Justice pour tous

« Nous favorisons une approche fondamentalement humaine », dit la réalisatrice de « Justice », Catherine Proulx.
Photo: Télé-Québec « Nous favorisons une approche fondamentalement humaine », dit la réalisatrice de « Justice », Catherine Proulx.

Il y aurait une vingtaine de gangs de rue sur l’île de Montréal rassemblant entre 300 et 500 membres, dont une moitié de mineurs. Le Centre de jeunesse de Montréal intervient avec des moyens spécialement adaptés auprès de cette clientèle difficile. Un atelier rassemble des ennemis de la rue (Les Bleus, Les Rouges…) avec des éducateurs qui les laissent s’exprimer et débattre.

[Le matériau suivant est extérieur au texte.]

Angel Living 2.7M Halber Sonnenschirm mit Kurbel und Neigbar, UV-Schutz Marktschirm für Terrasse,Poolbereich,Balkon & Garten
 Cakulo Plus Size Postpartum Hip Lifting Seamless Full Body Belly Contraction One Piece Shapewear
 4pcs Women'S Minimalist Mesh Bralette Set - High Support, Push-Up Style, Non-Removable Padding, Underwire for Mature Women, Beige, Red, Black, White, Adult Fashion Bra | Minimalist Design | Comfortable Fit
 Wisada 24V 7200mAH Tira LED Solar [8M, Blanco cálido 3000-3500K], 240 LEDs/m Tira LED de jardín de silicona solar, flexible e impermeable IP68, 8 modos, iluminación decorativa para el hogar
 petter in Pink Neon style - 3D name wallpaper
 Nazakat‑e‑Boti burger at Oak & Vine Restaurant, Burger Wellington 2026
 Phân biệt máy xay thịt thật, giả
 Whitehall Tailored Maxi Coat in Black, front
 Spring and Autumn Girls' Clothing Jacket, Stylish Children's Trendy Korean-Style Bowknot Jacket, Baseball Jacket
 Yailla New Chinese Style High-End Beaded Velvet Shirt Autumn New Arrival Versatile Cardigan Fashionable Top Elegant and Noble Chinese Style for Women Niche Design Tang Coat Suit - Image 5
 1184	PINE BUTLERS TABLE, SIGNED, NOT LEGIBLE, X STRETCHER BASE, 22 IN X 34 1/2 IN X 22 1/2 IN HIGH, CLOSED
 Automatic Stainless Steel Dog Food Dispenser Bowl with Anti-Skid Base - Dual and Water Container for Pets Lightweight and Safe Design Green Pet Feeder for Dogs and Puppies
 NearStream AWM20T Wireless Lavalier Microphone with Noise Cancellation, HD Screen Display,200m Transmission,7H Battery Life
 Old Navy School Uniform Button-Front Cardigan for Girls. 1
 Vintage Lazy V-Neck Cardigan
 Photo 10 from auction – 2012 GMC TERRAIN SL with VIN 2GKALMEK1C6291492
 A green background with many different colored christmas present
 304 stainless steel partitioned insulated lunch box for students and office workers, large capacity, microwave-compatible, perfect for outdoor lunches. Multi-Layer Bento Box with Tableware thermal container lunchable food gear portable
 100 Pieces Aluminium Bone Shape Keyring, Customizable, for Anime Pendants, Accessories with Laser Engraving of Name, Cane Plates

Le travail social utilise aussi un jeu de rôle demandant aux participants de s’imaginer dans certaines situations avec la consigne de ne pas récidiver dans le crime. Et c’est parti.

Un jeune offre à un autre un braquage. « On a juste besoin de forcer la porte. Et il y a 700 000 cash. Impossible qu’on nous mente. » L’autre répond. « Je suis rentré en dedans et on m’avait dit que c’était impossible de se faire prendre. Yo. J’ai des restrictions. »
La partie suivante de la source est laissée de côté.